Désigné comme martyr
Les autorités ont ensuite appelé la famille Rezaei et leur ont dit qu'ils voulaient désigner Nasser comme étant un « martyr ». Ils ont également dit à la famille que, s'ils le voulaient, ils pouvaient déposer une plainte pour tenter d'identifier le meurtrier de leur fils.
« Comment veulent-ils identifier le tueur ? », a demandé Mansour. « Il n'y avait personne avec lui et il est impossible d’identifier qui que ce soit dans toute cette agitation. Nous leur avons demandé une seule chose. Nous leur avons dit : « Nous ne voulons rien de vous. Laissez-nous tranquilles. "Nous savons que nous n'avons aucun recours et nous ne pouvons rien faire. Nous n'avons pas l'intention de déposer une plainte. Contre qui allons-nous porter plainte ? Qui est responsable de la fusillade ? Il faut avoir quelqu'un contre qui porter plainte. »
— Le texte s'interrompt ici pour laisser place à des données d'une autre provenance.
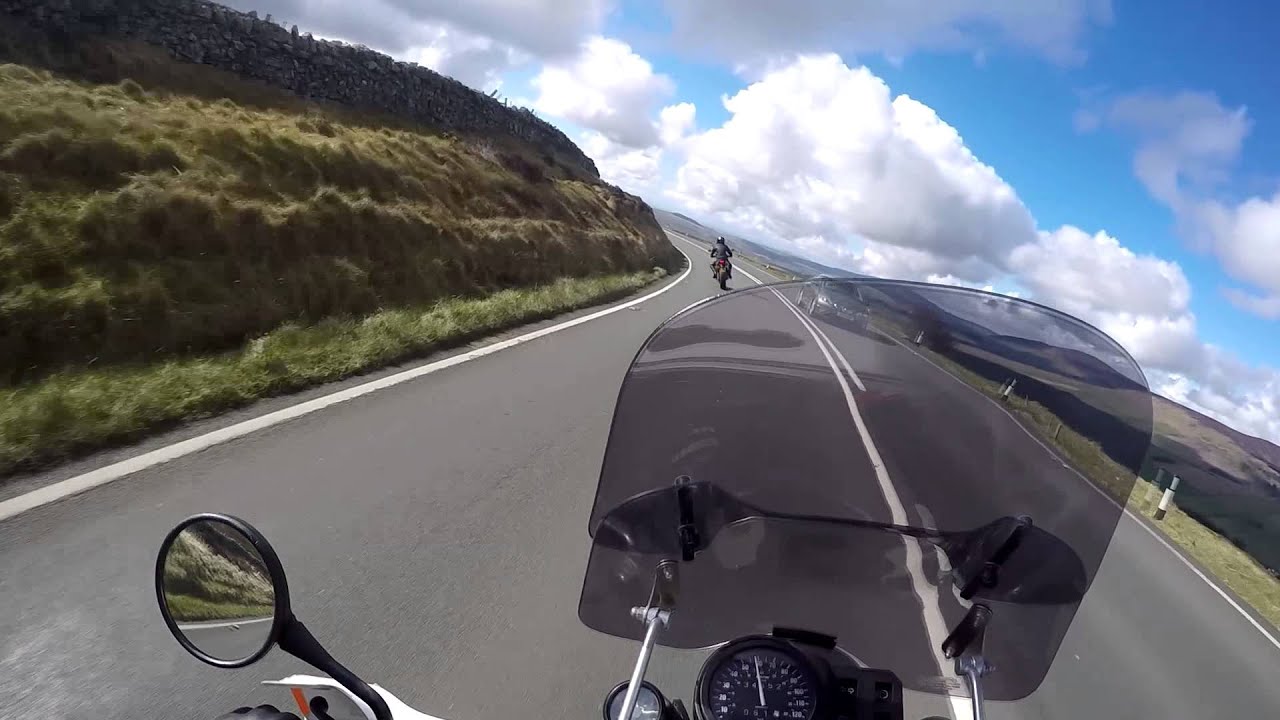 Scenic Mountain Ride - Isle of Man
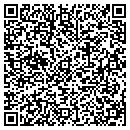 QR code with N J S A L U contacts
Lors de leur appel téléphonique, les autorités ont également déclaré qu'ils avaient l'intention de verser « l'argent du sang » ou une compensation financière aux familles des personnes désignées comme « martyrs » lors des manifestations. Mais la famille de Nasser a pris sa décision. « Ils veulent payer de l'argent et appeler cela une compensation », explique Mansour. "Notre famille n'en veut pas et n'acceptera ni l'argent ni le titre de martyr. »
Mansour souligne que sa famille ne s’attend pas à ce que le gouvernement agisse. Selon lui, sa mère prie pour que le responsable paie de sa vie.
La tragédie a plongé la famille de Nasser dans une crise. Mansour dit que sa mère ne peut pas manger et ne fait que pleurer. Son père serre la photo de Nasser contre lui et, à six heures du matin, il se rend sur la tombe de son fils.
« Il n'y a pas de mot, pas de phrase qui puisse décrire l'état de mes parents », dit Mansour. « Et la femme de Nasser ne fait pas mieux ; en fait, pour elle, c’est peut-être pire. Tout le monde aimait Nasser. Il n'a jamais fait de mal à personne. »
Les responsables iraniens n'ont pas encore annoncé officiellement le nombre de personnes tuées lors des manifestations de novembre 2019. Ali Shamkhani, le secrétaire du Conseil suprême de sécurité iranien, a affirmé que plus de 85 % des personnes qui ont perdu la vie dans la province de Téhéran ont été victimes d'un « stratagème » de la part de « groupes ennemis ». Mais quoi qu'il en soit, on ne sait pas pourquoi le gouvernement refuse d'annoncer combien de personnes ont été tuées et pourquoi il a demandé aux familles des victimes de garder le silence à leur sujet.